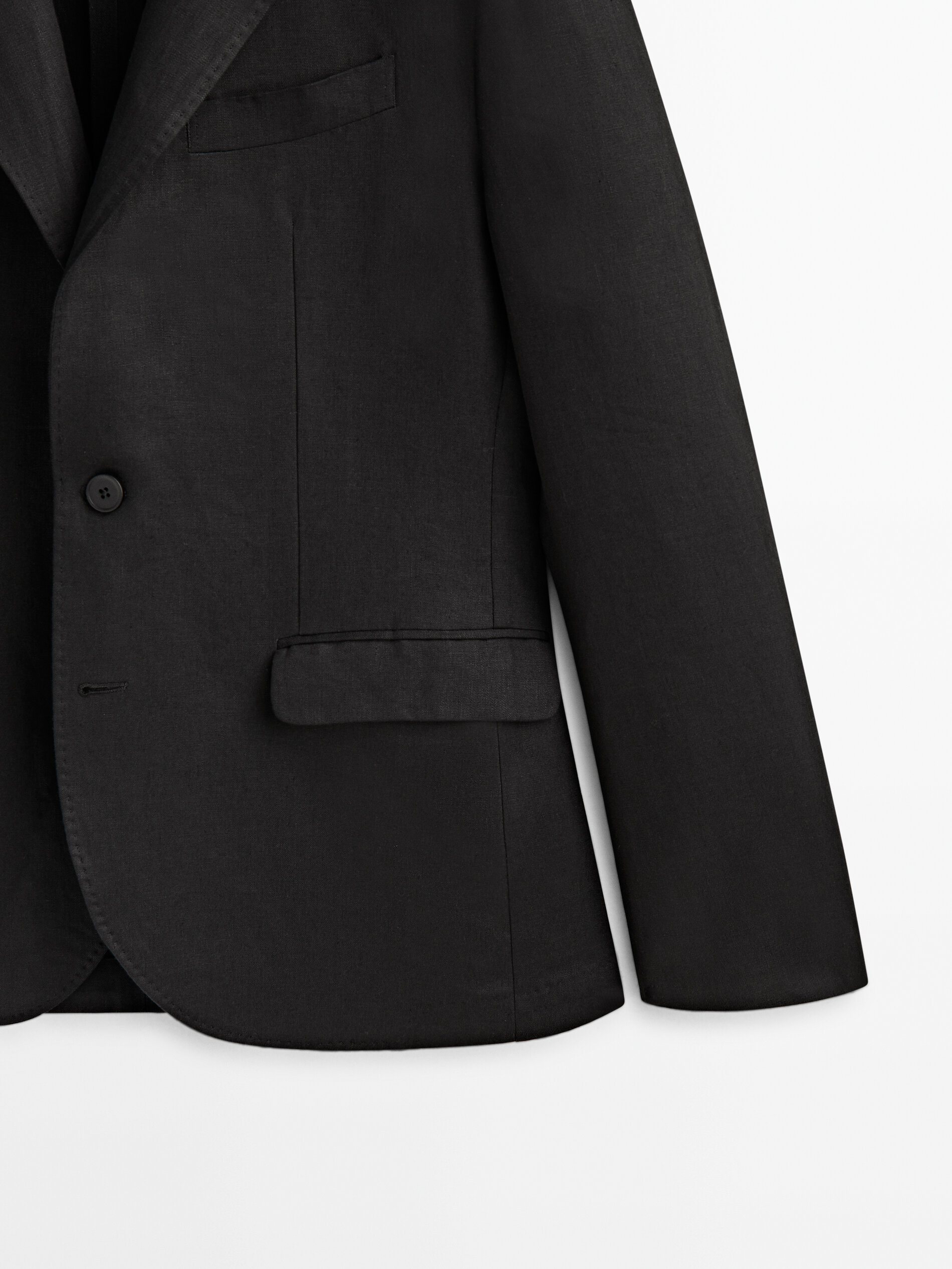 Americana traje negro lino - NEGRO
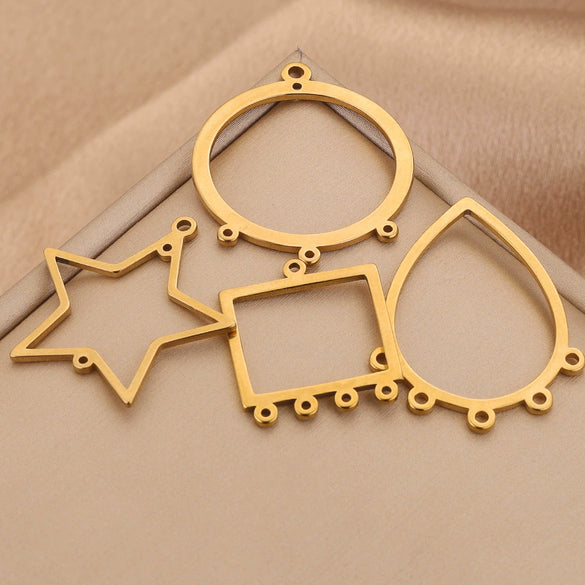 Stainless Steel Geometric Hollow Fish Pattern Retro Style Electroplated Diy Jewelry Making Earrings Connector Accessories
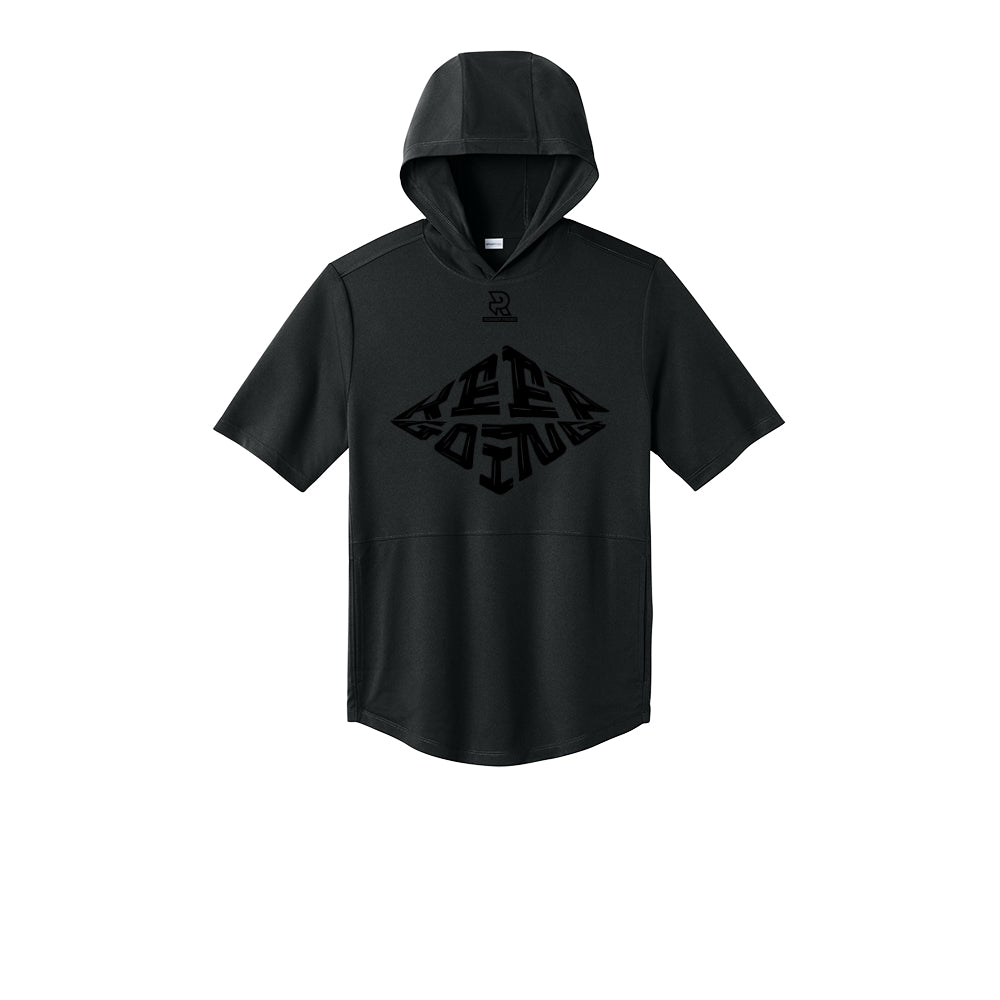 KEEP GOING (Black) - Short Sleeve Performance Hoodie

= = =

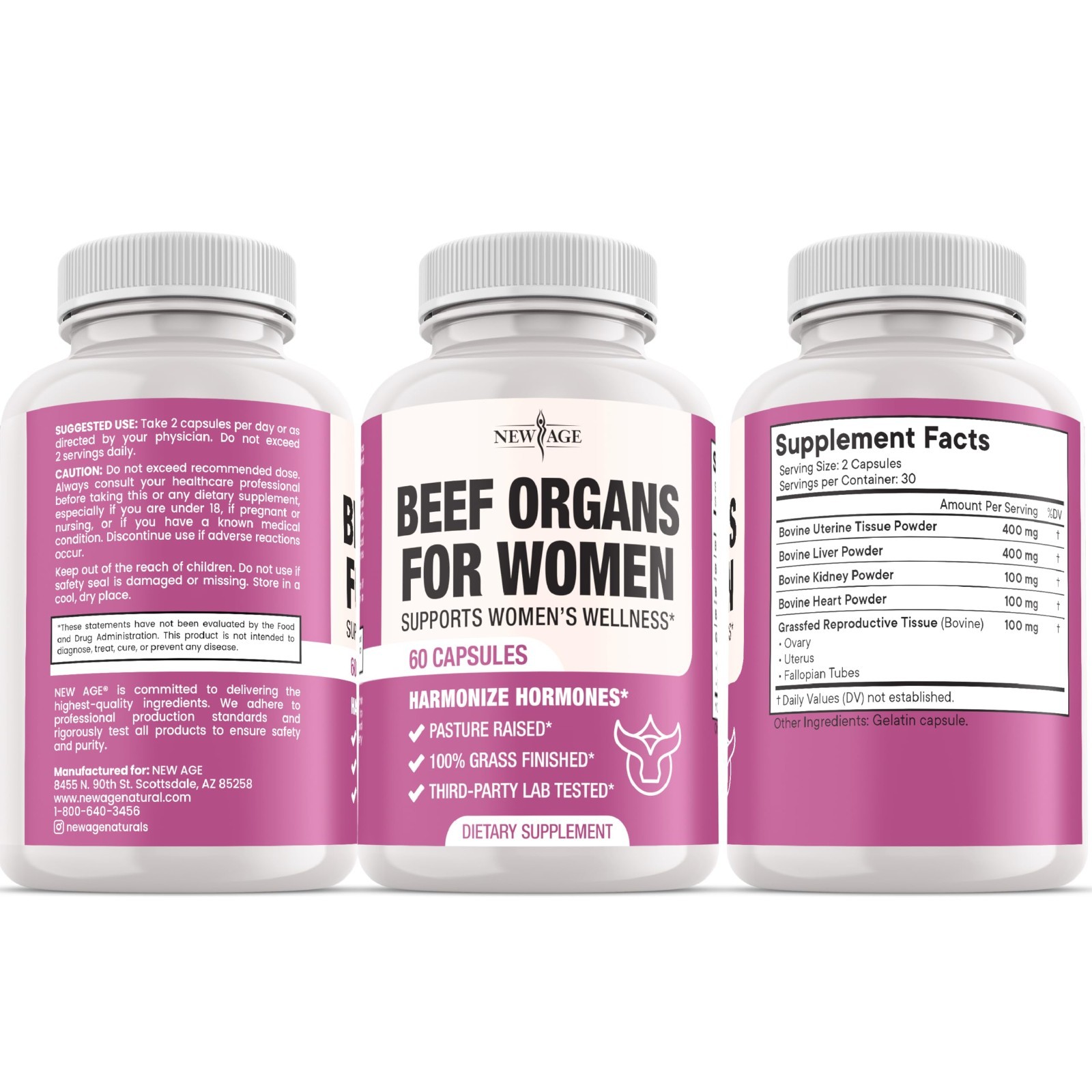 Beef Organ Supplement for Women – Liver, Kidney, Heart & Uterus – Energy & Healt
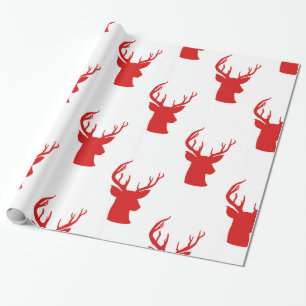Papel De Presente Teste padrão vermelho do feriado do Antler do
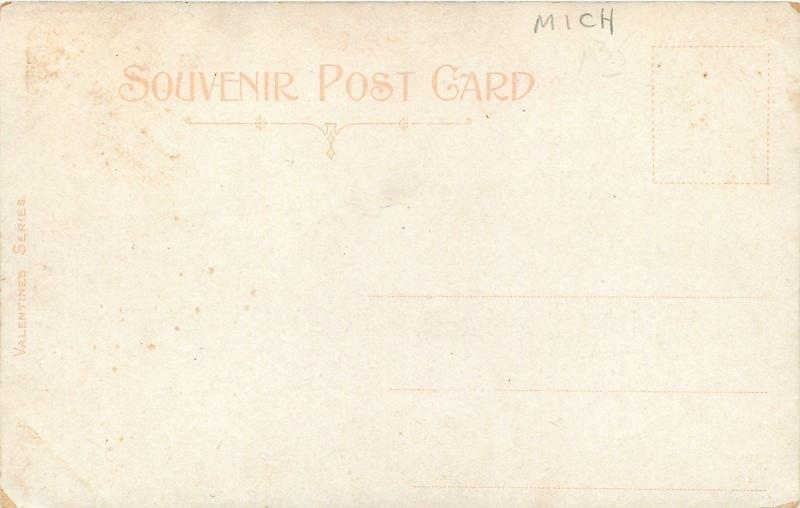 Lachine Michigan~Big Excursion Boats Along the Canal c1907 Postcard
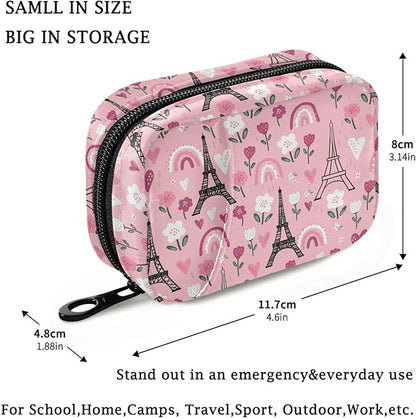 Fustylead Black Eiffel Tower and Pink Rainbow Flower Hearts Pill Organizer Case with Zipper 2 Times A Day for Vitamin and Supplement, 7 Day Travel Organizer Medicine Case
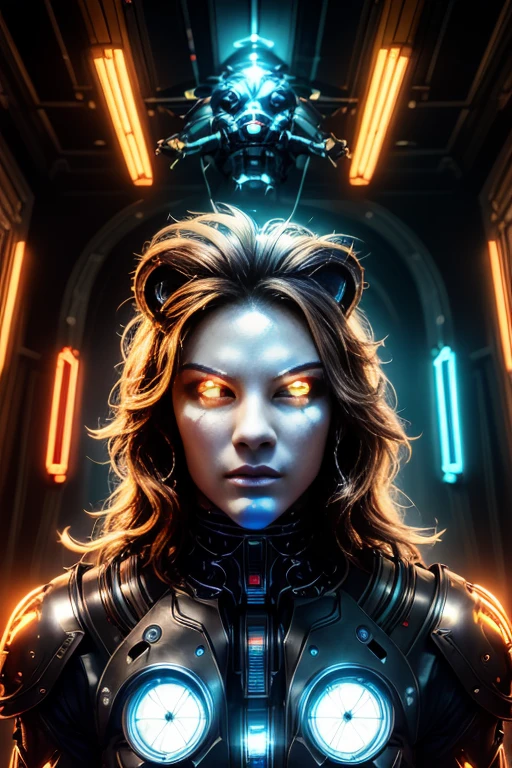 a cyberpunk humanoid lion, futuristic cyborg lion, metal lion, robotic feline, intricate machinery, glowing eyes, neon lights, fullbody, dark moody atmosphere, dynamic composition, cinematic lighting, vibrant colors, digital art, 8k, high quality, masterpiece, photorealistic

= = =

Work item: Output exactly the lines above that lie between the line with "Lachine Michigan~Big Excursion" and the line with "Fustylead Black Eiffel", those two lines included, and no pictures.

Your solution:
 Lachine Michigan~Big Excursion Boats Along the Canal c1907 Postcard
 Fustylead Black Eiffel Tower and Pink Rainbow Flower Hearts Pill Organizer Case with Zipper 2 Times A Day for Vitamin and Supplement, 7 Day Travel Organizer Medicine Case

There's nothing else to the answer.